Predictive modelling of large scale algae biomass production

The position of algae in the production of biochemicals and biofuels is emerging. Large scale production facilities are necessary to fulfil the expected future demand for biodiesel and biochemicals produced with algae. With this development the challenge arises for efficient design of large scale production facilities. The design of such large scale systems is not straightforward. Wijffels et al. (2010) show that biomass productivity and economic feasibility are related to the type of reactor, the cultivation location, the production scale, substrates and operating conditions. The estimates of algae cultivation used in most life cycle assessment (LCA) studies are based on experimental work which was not necessarily performed under variable outdoor conditions.
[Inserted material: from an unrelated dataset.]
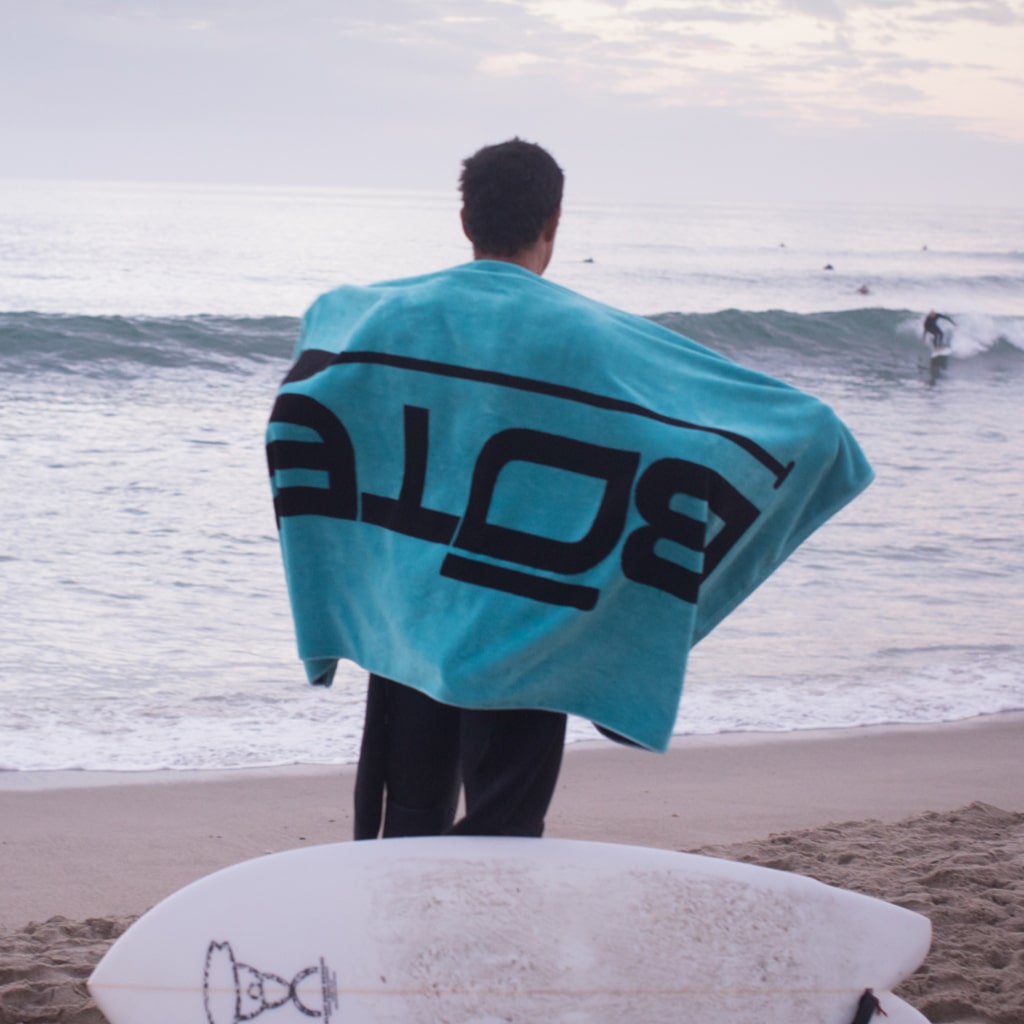 Man with BOTE logo towel over his shoulders at the beach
Most experimental studies concern only the effect of a few decision variables at a time. So the outcome of the studies does not reflect the best possible outdoor performance. Predictive models on the interaction between light and algae growth that consider the effect of decision variables on productivity will overcome these problems. These models will give insight in the complexity of light distribution in various cultivation systems and in the response of algae. In addition, such models support the up-scaling of laboratory and pilot research and will significantly improve the accurateness of large scale unit designs and LCA, which can be performed under outdoor conditions. We have developed predictive models to assess yearly algae biomass production in open raceway ponds, flat panels and tubular photobioreactors under a range of climate conditions and decision variables like light path, reactor distance and biomass concentration (Slegers et al. 2011). With these models the performance of algae cultivation at a certain location of the world with given reactor design and algae species can be determined. The model allows optimisation of algae productivity for the decision variables and can thus be used to identify good reactor layouts and operating conditions. Furthermore these predictions help to verify assumptions in experiments and identify gaps in experimental knowledge.